Example for single-stream: def run_blocks(): h = hidden_states for block in module.transformer_blocks: h = block(h, temb=temb) return (h,)

Example for dual-stream: def run_blocks(): h, e = hidden_states, encoder_hidden_states for block in module.transformer_blocks: e, h = block(h, e, temb=temb) return (h, e)

postprocess Callable[[Tensor], Any]

Callable that does model-specific output postprocessing. Signature: (torch.Tensor) -> Union[torch.Tensor, Transformer2DModelOutput, tuple]

Takes the processed hidden_states and applies final transformations (normalization, projection) to produce the model output.

Example: def postprocess(h): h = module.norm_out(h, temb) output = module.proj_out(h) return Transformer2DModelOutput(sample=output)

extra_states dict[str, Any] | None

Optional dict for additional model-specific state. Use this for models that need to pass additional context beyond the standard fields.

encoder_hidden_states instance-attribute

encoder_hidden_states: Tensor | None

extra_states class-attribute instance-attribute

extra_states: dict[str, Any] | None = None

hidden_states instance-attribute

hidden_states: Tensor

modulated_input instance-attribute

modulated_input: Tensor

postprocess instance-attribute

postprocess: Callable[[Tensor], Any]

run_transformer_blocks instance-attribute

run_transformer_blocks: Callable[[], tuple[Tensor, ...]]

temb instance-attribute

temb: Tensor

validate

validate() -> None

Validate that the CacheContext contains valid data.

Raises:

Type Description
TypeError

If fields have wrong types

ValueError

If tensors have invalid properties

RuntimeError

If callables fail basic invocation tests

This method should be called after creating a CacheContext to catch common developer errors early with clear error messages.

TeaCacheBackend

Bases: CacheBackend

TeaCache implementation using hooks.

TeaCache (Timestep Embedding Aware Cache) is an adaptive caching technique that speeds up diffusion inference by reusing transformer block computations when consecutive timestep embeddings are similar.

The backend applies TeaCache hooks to the transformer which intercept the forward pass and implement the caching logic transparently.

Example

from vllm_omni.diffusion.data import DiffusionCacheConfig backend = TeaCacheBackend(DiffusionCacheConfig(rel_l1_thresh=0.2)) backend.enable(pipeline)

Generate with cache enabled

backend.refresh(pipeline, num_inference_steps=50) # Refresh before each generation

Access config attributes: backend.config.rel_l1_thresh

enable

enable(pipeline: Any) -> None

Enable TeaCache on transformer using hooks.

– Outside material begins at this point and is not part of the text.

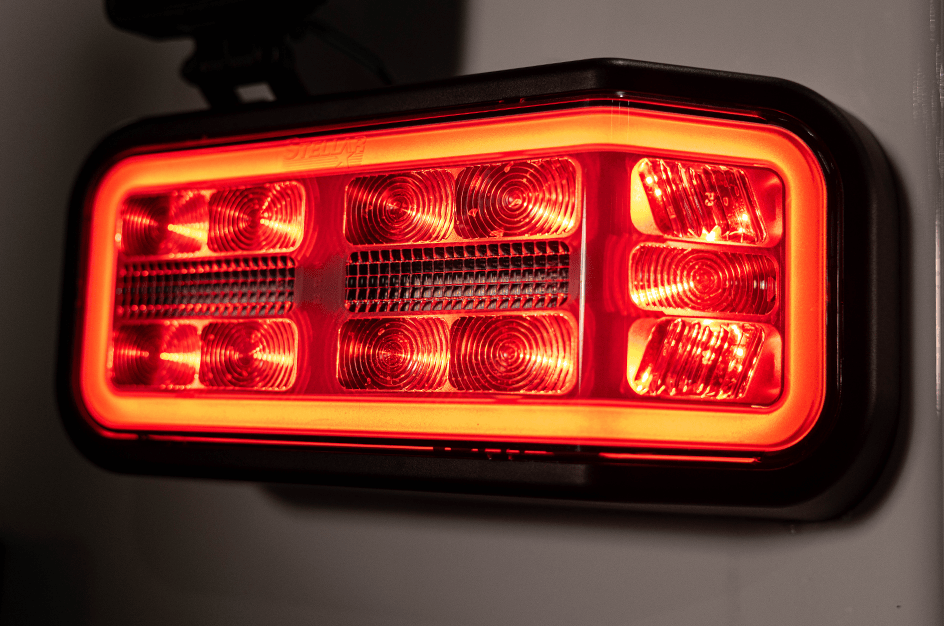 Turn signal with cascading lights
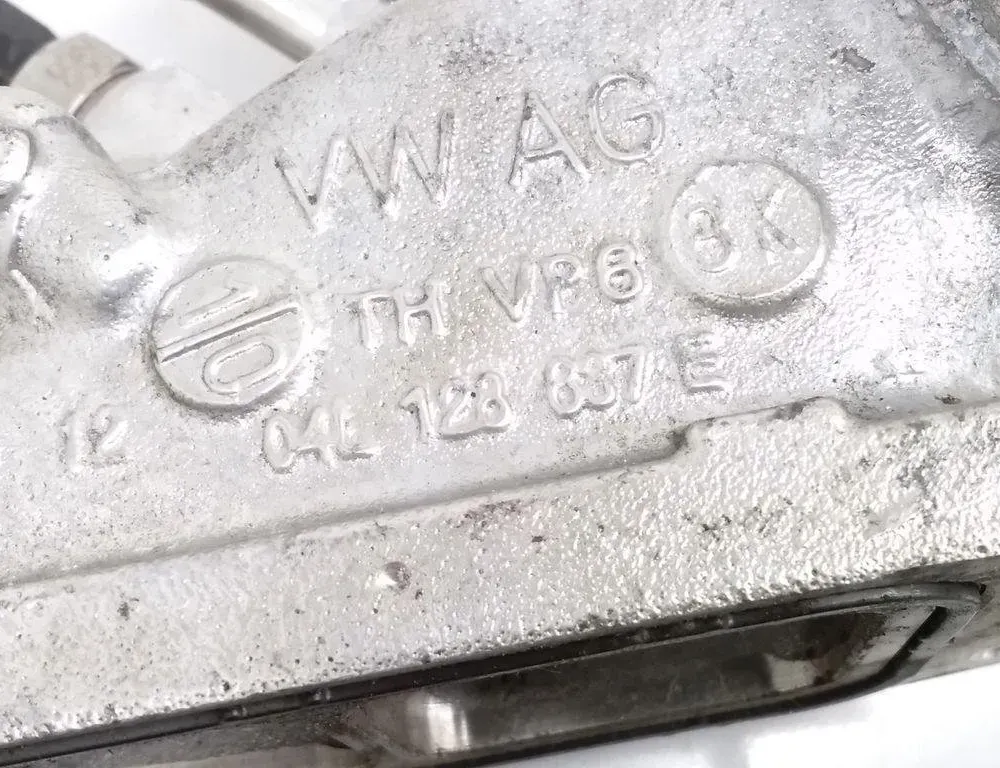 SKODA Octavia 3 generation (2013-2020) Други части на двигателното отделение 04L128837E 31979241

This creates a TeaCacheConfig from the backend's DiffusionCacheConfig and applies the TeaCache hook to the transformer.

Parameters:

Name Type Description Default
pipeline Any

Diffusion pipeline instance. Extracts transformer and transformer_type: - transformer: pipeline.transformer - transformer_type: pipeline.transformer.class.name

required

refresh

refresh(
    pipeline: Any,
    num_inference_steps: int,
    verbose: bool = True,
) -> None

Refresh TeaCache state for new generation.

Clears all cached residuals and resets counters/accumulators. Should be called before each generation to ensure clean state.

Parameters:

Name Type Description Default
pipeline Any

Diffusion pipeline instance. Extracts transformer via pipeline.transformer.

required
num_inference_steps int

Number of inference steps for the current generation. Currently not used by TeaCache but accepted for interface consistency.

required
verbose bool

Whether to log refresh operations (default: True)

True

TeaCacheConfig dataclass

Configuration for TeaCache applied to transformer models.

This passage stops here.